:: REQUIREMENT ::
Do not copy the pictures. Write out the lines from the start of the entries through the line containing "It shows an".

[Opening SOURCE RECORDS section]

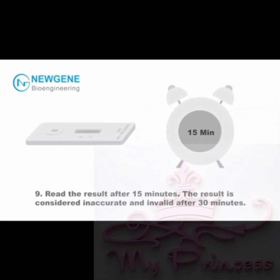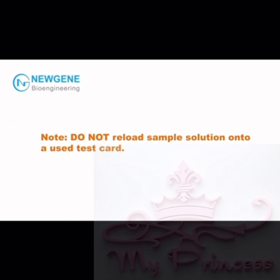Step 9: Read the results after 15 minutes. The result is considered inaccurate and invalid after 30 minutes. Note: Do NOT reload sample solution onto a used test card.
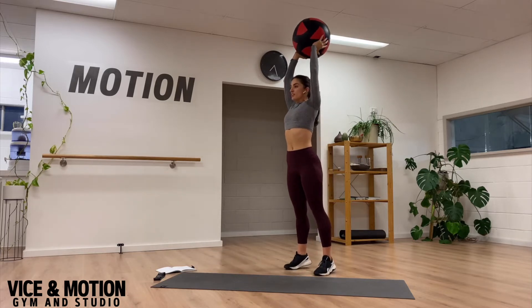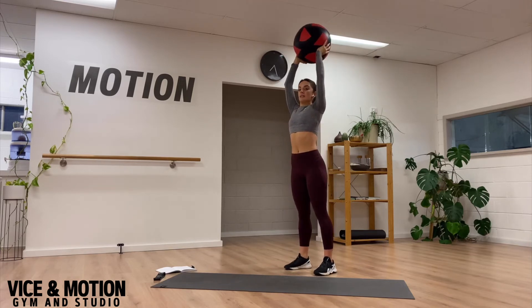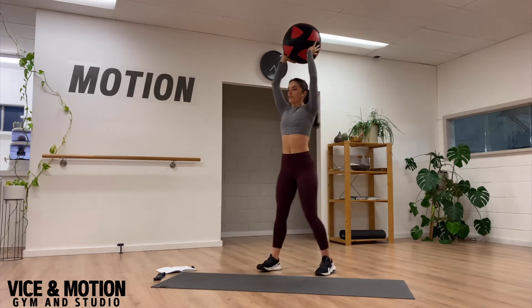We're going to rise up onto our toes and we're working on rapid hip extension, then rapid hip flexion as you throw the ball down as hard as you can. Now just be mindful — the wall balls do bounce back up at you, so our chest is going to lower down. Be mindful of your face. So we're going to go full hip extension,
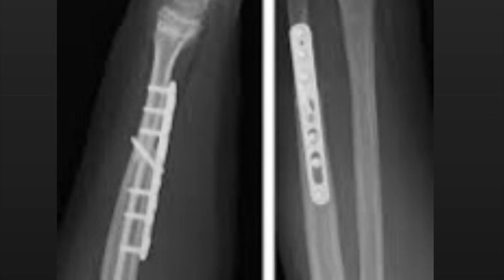It shows an example of a lag screw in the middle of the construct along with a long plate that was long enough to accommodate three screws both above and below the fracture. I think this is exactly the pattern that's going to be used for Jared Cannoneer's ulnar fracture. Thank you.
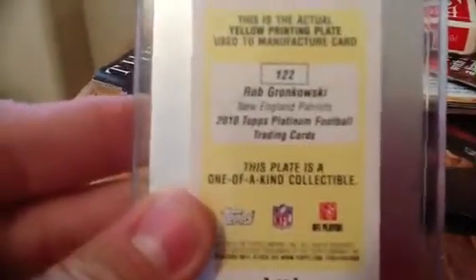From Platinum, it's a one-of-a-kind collectible, one-of-one. Sweet card, has the rookie card symbol — I don't know if you can see that. So that's about it.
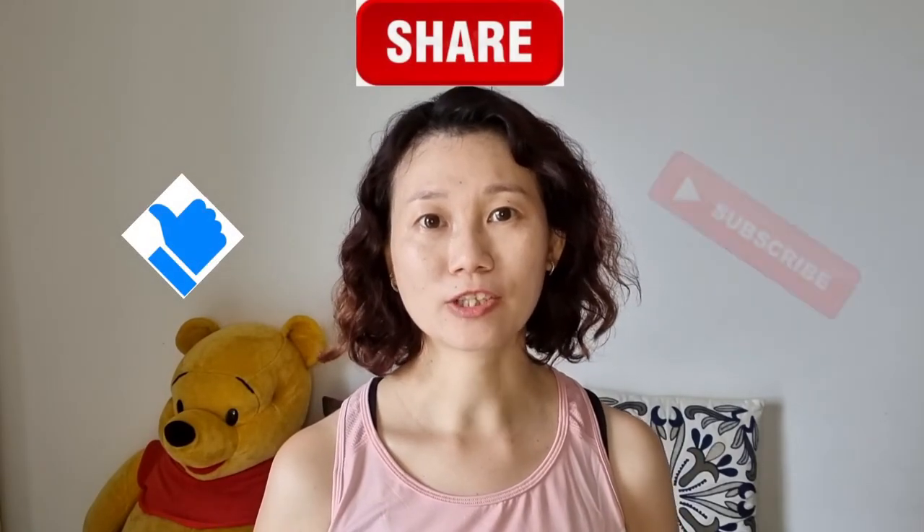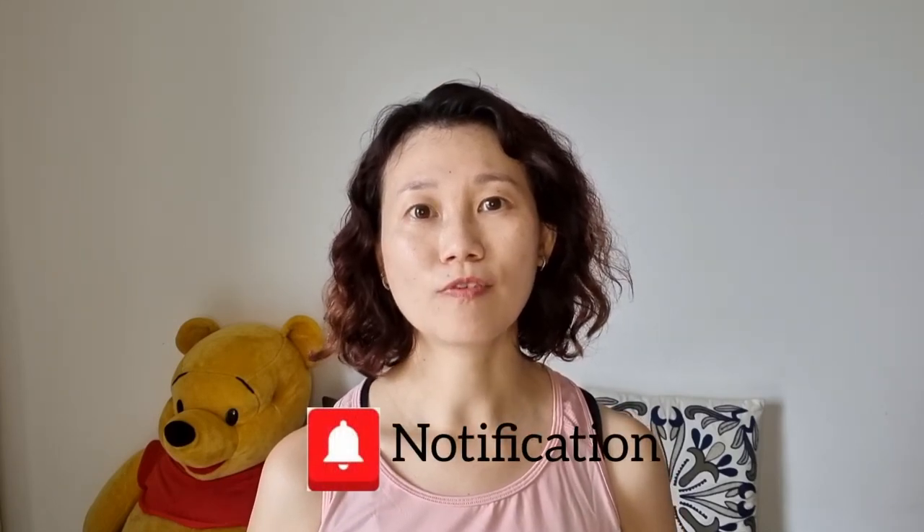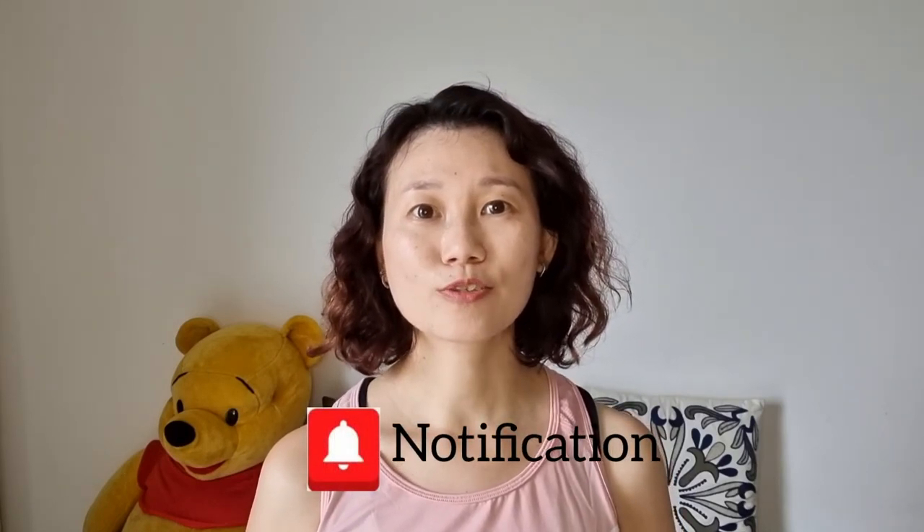That's all for this video. Before I end off, please remember to like, share, and subscribe to my channel, and press the notification bell for my latest updates. Thank you so much for spending time on this video — I'll see you in my next one. Bye!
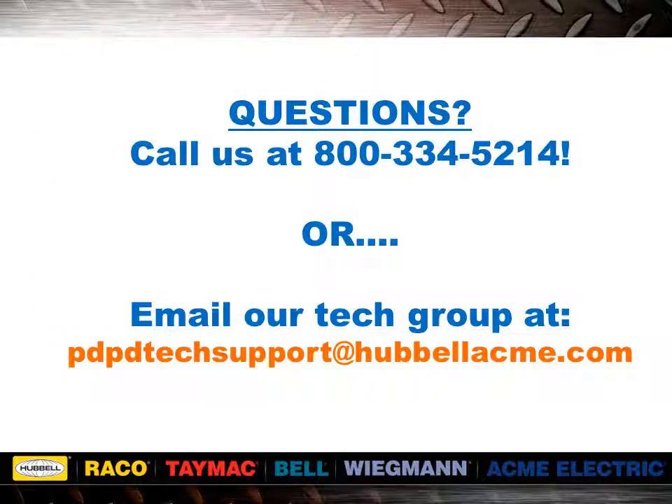If you have questions about this seminar or any other questions, call us at 1-800-334-5214, or you can email our tech group at pdptechsupport@hubbelacme.com.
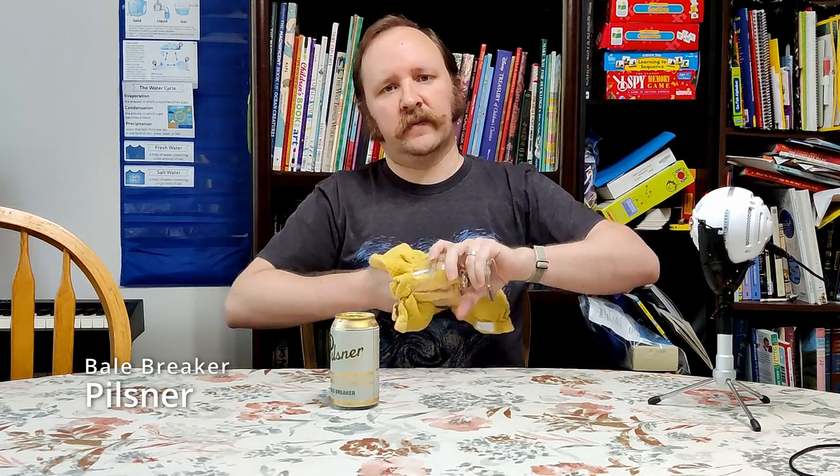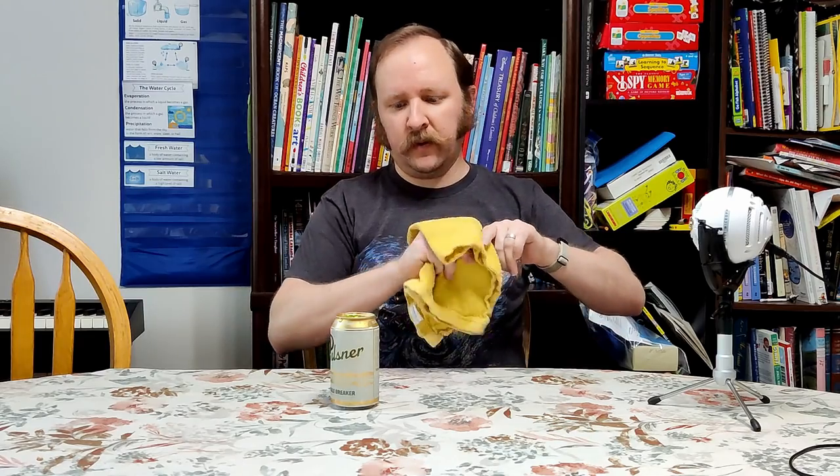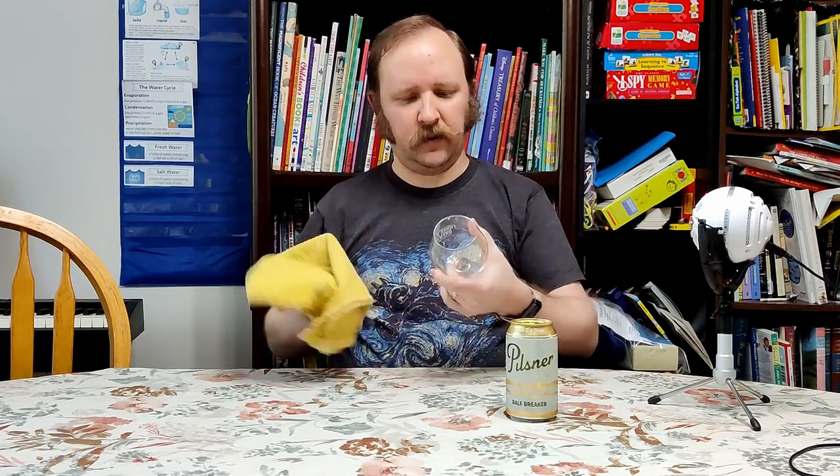Hello and welcome to another episode of Chewing the Brew. I'm Matthew and today I'm going to be drinking and talking about the Bale Breaker Pilsner — the Pilsner by Bale Breaker Brewing. I've talked about a couple other Bale Breaker brews here before, including Dorman C and a couple of their big bottle beers which are quite delicious.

[Closing SOURCE RECORDS section]

:: TASK SOLUTION ::
Step 9: Read the results after 15 minutes. The result is considered inaccurate and invalid after 30 minutes. Note: Do NOT reload sample solution onto a used test card.
We're going to rise up onto our toes and we're working on rapid hip extension, then rapid hip flexion as you throw the ball down as hard as you can. Now just be mindful — the wall balls do bounce back up at you, so our chest is going to lower down. Be mindful of your face. So we're going to go full hip extension,
It shows an example of a lag screw in the middle of the construct along with a long plate that was long enough to accommodate three screws both above and below the fracture. I think this is exactly the pattern that's going to be used for Jared Cannoneer's ulnar fracture. Thank you.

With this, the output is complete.